Lufthansa prepares for its Canadian restart in June 2020

Lufthansa Airbus A350-900

Toronto will be the first gateway for Lufthansa’s restart in Canada

−    Initial service resumes with three weekly non-stop flights from Toronto to Frankfurt

May 14, 2020 (Canada). As countries gradually ease travel restrictions, the desire to travel and the need to see beloved family and friends has increased.  The pent-up demand will see Lufthansa bolster the limited number of intercontinental flights to Canada with a resumption, in June, of service from one of its main Canadian gateways. Lufthansa plans to ramp up with three weekly, non-stop flights from Toronto to Frankfurt beginning June 3rd. Additional Canadian flights are currently being evaluated and planned for later in the summer.

The Toronto – Frankfurt flight adds an important, long-haul connection for Toronto-based travel to Europe, the Middle East, Africa and India.  These include flights within Germany, as well as to cities in Austria, France, Italy, Spain and Switzerland. A total of 106 European destinations will be served next month. Flights to Tel Aviv are also being planned as are connections to Mumbai, Dubai, UAE and Johannesburg as well as to Abuja and Port Harcourt, Nigeria.

“Lufthansa flights to and from Canada have always been popular and well-received, and so this unprecedented halt of our flight operations is a difficult situation that we are working to overcome”, said Hans DeHaan, Senior Director Canada, Lufthansa Group. “We are committed to serving the Canadian market, and with Toronto as the first wave in our ramp up, the Lufthansa Group continues to reinforce its strong commitment to the region and to the country.”

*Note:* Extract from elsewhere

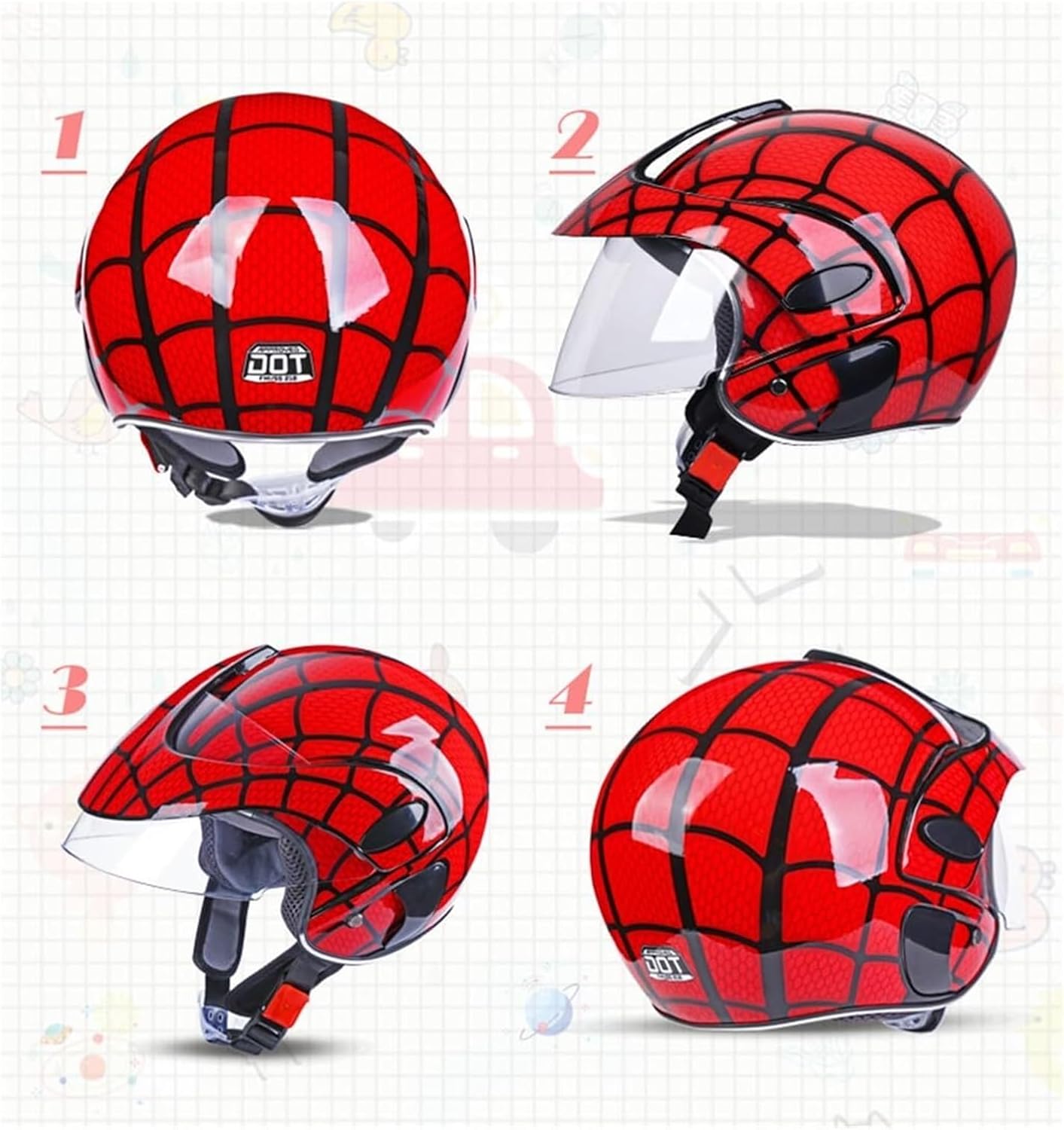 DOT Approved Kids ATV Helmets with Visor,Toddler 3/4 Open Face Motorcycle Half Helmets,Youth Child Electric Bicycle Go-Kart Dirt-Bike Four Wheeler Moped Helmet for Boys Girls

Now more than ever, passengers are looking to travel with companies who place a priority on hygiene and cleanliness. The Lufthansa Group has always focused on delivering a premium travel experience and during this unprecedented time, Lufthansa continues to follow stringent hygiene guidelines and practices that are above and beyond the standard so as to ensure that the on board experience is focused first and foremost, on the public health of its passengers.

For the Lufthansa Group, safety is synonymous with the well-being of our passengers and crew. Beginning May 4, the airlines of the Lufthansa Group will require that all passengers wear a facial mouth/nose covering while on board their flights. It is also recommended that passengers wear the protective covering throughout their journey to include at the airport before and after the flight, and whenever the required minimum distance cannot be guaranteed without restriction. All Lufthansa Group flight attendants in direct contact with customers will also be required to wear a corresponding mask. The obligation to wear the mask while on board will apply until August 31, 2020.

Furthermore, and as a result of this new regulation, the middle seat that has thus far been left vacant in Economy and Premium Economy Class, will no longer be  a requirement given that the facial covering is deemed to provide the necessary protection. However due to a decrease in flight demand, seats will be allocated as far apart as possible within the cabin.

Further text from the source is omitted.